Perhaps he was unfortunate to be born in an age when the public interest is served by a media intent upon prying and prising loose every single item, good but preferably bad. Had he lived in Victorian times he might have been regarded as one of the great eccentrics; an intensely private man is a phrase that might have been used. He would not have needed to appear continually before the cameras, the notebooks and the tape-recorders. Grace, MacLaren and Hawke never needed, nor were expected, to justify themselves. His resentment at the poking and probing into his manners, mores and style of life is understandable. A boy born into the South Yorkshire coalfield at any time in the last 50 years came into the world impressed with the need to retaliate first.

Sir Geoffrey Boycott is one of the most recognised voices in cricket

All over the world Boycott will be remembered for his batting: the ritual, almost fussy re-preparation before each ball, the tap of the bat, touch of the cap, reassurance that his pads were in place, and the relentless, straight-down-the-line forward push. Most of his runs came on the off side because that was where most bowlers bowled to him. The drive through cover, or extra, was minted silver. He was not less adept on the leg side, merely more circumspect, as if suspecting that the pull, hook or sweep all carried elements of risk. Such was his power and reputation at his peak that for him to be bowled was a major surprise. When an Oxford University bowler achieved that feat, the young man was a back-page sensation for a day.

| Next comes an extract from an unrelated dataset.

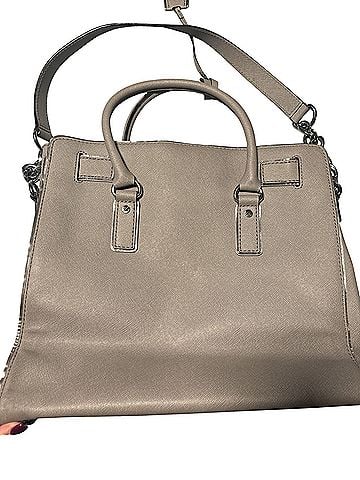 Michael Kors michael kors Leather Satchel (view 2)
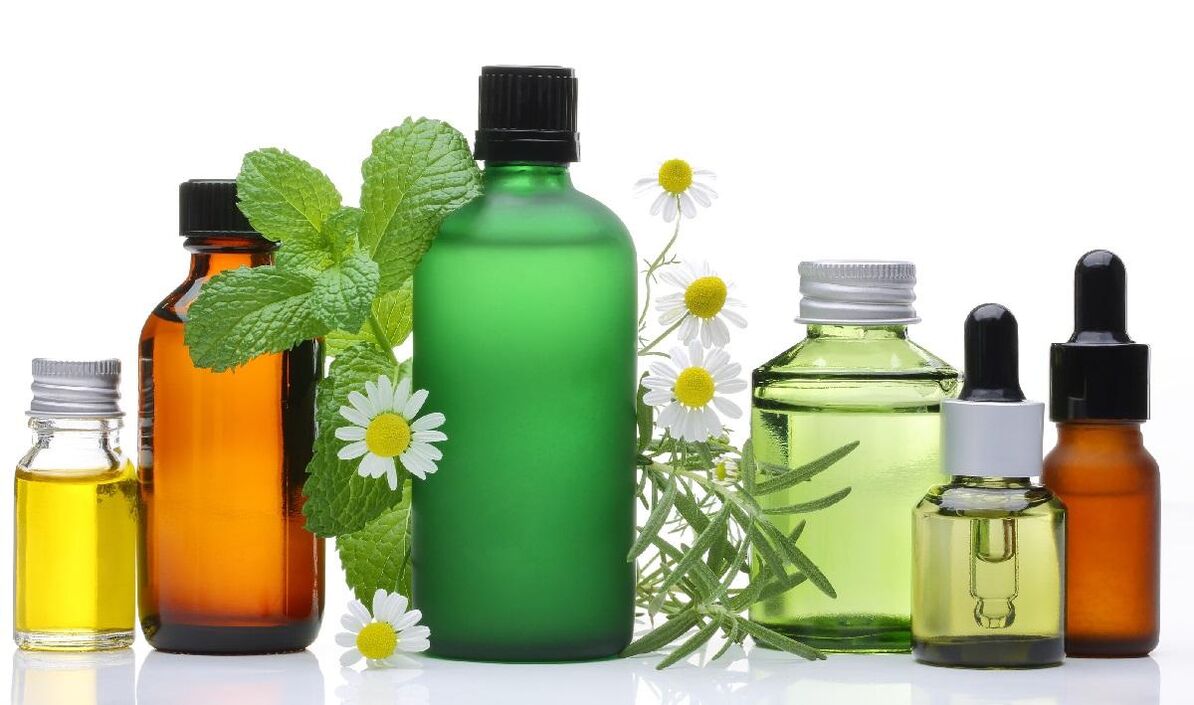 Types of facial oils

Boycott’s bowling was typical of the man, almost always of mean length and line with a huge inswerve. He performed some notable little feats for Yorkshire on Sunday afternoons, but his captains knew they had to take him off the moment a batsman began to chance his arm. Boycott was deeply upset if he conceded many runs. He transformed himself from a poor fielder to an excellent boundary runner, with a strong, accurate arm, and from time to time he served his county well at slip. He might have been a great captain but for his notorious blind spots, for no-one disparages his knowledge and understanding of the game.

Yet when his career is fully assessed and settled into the record, early next century, will all his foibles and prejudices matter that much? A batting record that stretches, vast and almost unsurpassable, like a distant view of the Himalayas, must put much pettiness into perspective, leaving all the discord in his wake no more than the odd trickle down a great stone face.